__DATA SUPPLIED__:
------------------------------------------------
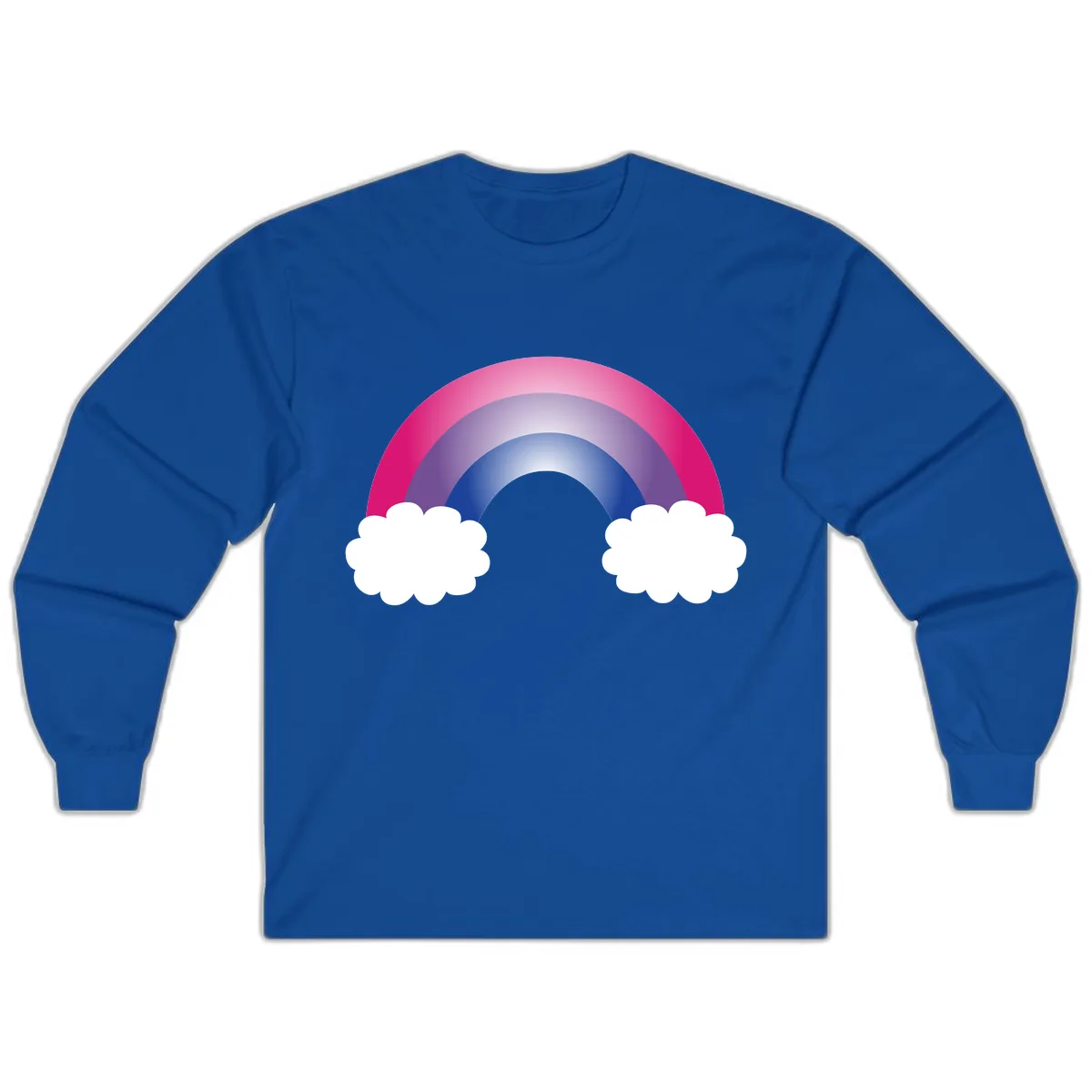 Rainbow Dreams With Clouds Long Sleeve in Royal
------------------------------------------------
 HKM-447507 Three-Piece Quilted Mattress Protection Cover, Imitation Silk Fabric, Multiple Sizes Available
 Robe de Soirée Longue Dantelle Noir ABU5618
------------------------------------------------
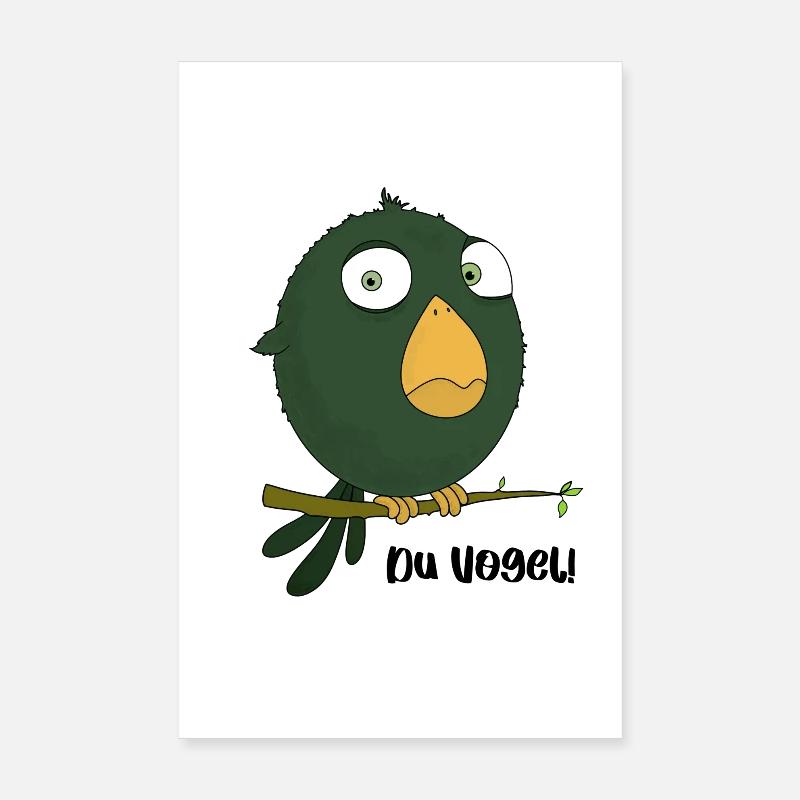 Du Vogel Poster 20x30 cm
------------------------------------------------
__WORK ORDER__:
Referring to the material above, set down exactly the lines between the line with "HKM-447507 Three-Piece Quilted" and the line with "Robe de Soirée Longue Dantelle Noir ABU5618", inclusive, and no other lines.

__ANSWER BOX__:
 HKM-447507 Three-Piece Quilted Mattress Protection Cover, Imitation Silk Fabric, Multiple Sizes Available
 Robe de Soirée Longue Dantelle Noir ABU5618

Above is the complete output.